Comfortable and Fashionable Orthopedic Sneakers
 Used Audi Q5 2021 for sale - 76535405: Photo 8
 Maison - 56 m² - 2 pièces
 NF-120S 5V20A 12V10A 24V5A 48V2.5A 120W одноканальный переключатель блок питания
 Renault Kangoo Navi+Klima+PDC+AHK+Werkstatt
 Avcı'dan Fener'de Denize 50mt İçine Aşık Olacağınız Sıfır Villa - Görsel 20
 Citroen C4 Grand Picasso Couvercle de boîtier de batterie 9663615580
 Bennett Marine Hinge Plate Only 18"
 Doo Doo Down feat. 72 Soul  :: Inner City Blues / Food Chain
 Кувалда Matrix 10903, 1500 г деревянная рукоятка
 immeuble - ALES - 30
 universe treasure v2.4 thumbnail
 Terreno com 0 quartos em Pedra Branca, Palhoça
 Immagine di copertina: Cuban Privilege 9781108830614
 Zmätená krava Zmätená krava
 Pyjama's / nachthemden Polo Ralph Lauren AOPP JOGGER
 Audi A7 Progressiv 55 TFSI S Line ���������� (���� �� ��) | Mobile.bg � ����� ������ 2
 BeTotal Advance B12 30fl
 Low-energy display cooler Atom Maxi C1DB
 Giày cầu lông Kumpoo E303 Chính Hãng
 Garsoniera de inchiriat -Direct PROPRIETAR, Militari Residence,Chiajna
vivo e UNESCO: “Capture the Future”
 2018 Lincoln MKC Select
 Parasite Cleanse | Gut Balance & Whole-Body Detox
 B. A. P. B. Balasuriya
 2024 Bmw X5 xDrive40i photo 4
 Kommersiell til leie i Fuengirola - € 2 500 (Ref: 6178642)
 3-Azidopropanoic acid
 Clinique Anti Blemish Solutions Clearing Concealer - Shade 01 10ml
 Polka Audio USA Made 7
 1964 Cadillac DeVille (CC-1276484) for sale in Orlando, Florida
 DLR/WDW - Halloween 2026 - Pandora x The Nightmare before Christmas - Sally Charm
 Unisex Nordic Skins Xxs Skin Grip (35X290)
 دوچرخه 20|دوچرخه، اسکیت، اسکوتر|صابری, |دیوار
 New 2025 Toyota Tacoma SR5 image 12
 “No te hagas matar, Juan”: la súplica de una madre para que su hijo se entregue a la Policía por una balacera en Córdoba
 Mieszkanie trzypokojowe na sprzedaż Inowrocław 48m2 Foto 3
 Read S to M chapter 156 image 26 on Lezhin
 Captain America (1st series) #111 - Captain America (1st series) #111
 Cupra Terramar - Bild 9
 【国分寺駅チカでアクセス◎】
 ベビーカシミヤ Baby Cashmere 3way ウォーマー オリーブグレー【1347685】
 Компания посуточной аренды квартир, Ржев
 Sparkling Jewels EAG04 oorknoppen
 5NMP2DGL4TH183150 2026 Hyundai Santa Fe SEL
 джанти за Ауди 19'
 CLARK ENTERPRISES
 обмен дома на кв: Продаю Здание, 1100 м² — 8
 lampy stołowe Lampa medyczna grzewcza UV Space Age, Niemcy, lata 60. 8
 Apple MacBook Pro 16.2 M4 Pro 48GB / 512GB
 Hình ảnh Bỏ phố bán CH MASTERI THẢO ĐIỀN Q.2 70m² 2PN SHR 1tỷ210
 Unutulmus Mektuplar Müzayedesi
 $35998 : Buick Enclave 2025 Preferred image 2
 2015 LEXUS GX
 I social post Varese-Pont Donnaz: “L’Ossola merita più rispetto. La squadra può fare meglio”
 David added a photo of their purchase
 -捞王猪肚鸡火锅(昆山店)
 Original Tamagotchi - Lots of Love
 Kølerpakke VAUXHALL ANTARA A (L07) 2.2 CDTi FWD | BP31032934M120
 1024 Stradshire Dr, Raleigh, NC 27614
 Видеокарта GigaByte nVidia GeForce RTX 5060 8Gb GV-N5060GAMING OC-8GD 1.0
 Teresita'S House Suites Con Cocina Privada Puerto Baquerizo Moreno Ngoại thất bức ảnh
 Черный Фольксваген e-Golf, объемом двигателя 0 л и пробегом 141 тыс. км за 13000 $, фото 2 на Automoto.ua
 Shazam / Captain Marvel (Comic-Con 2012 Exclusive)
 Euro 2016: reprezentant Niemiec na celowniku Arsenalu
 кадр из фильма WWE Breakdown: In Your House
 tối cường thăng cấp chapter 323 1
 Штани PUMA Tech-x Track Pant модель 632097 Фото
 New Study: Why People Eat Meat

◆ What to work on: Emit verbatim the lines running from the one with "دوچرخه 20|دوچرخه، اسکیت،" through the last line of the data, both endpoints inclusive.

◆ Solution to this exercise:
 دوچرخه 20|دوچرخه، اسکیت، اسکوتر|صابری, |دیوار
 New 2025 Toyota Tacoma SR5 image 12
 “No te hagas matar, Juan”: la súplica de una madre para que su hijo se entregue a la Policía por una balacera en Córdoba
 Mieszkanie trzypokojowe na sprzedaż Inowrocław 48m2 Foto 3
 Read S to M chapter 156 image 26 on Lezhin
 Captain America (1st series) #111 - Captain America (1st series) #111
 Cupra Terramar - Bild 9
 【国分寺駅チカでアクセス◎】
 ベビーカシミヤ Baby Cashmere 3way ウォーマー オリーブグレー【1347685】
 Компания посуточной аренды квартир, Ржев
 Sparkling Jewels EAG04 oorknoppen
 5NMP2DGL4TH183150 2026 Hyundai Santa Fe SEL
 джанти за Ауди 19'
 CLARK ENTERPRISES
 обмен дома на кв: Продаю Здание, 1100 м² — 8
 lampy stołowe Lampa medyczna grzewcza UV Space Age, Niemcy, lata 60. 8
 Apple MacBook Pro 16.2 M4 Pro 48GB / 512GB
 Hình ảnh Bỏ phố bán CH MASTERI THẢO ĐIỀN Q.2 70m² 2PN SHR 1tỷ210
 Unutulmus Mektuplar Müzayedesi
 $35998 : Buick Enclave 2025 Preferred image 2
 2015 LEXUS GX
 I social post Varese-Pont Donnaz: “L’Ossola merita più rispetto. La squadra può fare meglio”
 David added a photo of their purchase
 -捞王猪肚鸡火锅(昆山店)
 Original Tamagotchi - Lots of Love
 Kølerpakke VAUXHALL ANTARA A (L07) 2.2 CDTi FWD | BP31032934M120
 1024 Stradshire Dr, Raleigh, NC 27614
 Видеокарта GigaByte nVidia GeForce RTX 5060 8Gb GV-N5060GAMING OC-8GD 1.0
 Teresita'S House Suites Con Cocina Privada Puerto Baquerizo Moreno Ngoại thất bức ảnh
 Черный Фольксваген e-Golf, объемом двигателя 0 л и пробегом 141 тыс. км за 13000 $, фото 2 на Automoto.ua
 Shazam / Captain Marvel (Comic-Con 2012 Exclusive)
 Euro 2016: reprezentant Niemiec na celowniku Arsenalu
 кадр из фильма WWE Breakdown: In Your House
 tối cường thăng cấp chapter 323 1
 Штани PUMA Tech-x Track Pant модель 632097 Фото
 New Study: Why People Eat Meat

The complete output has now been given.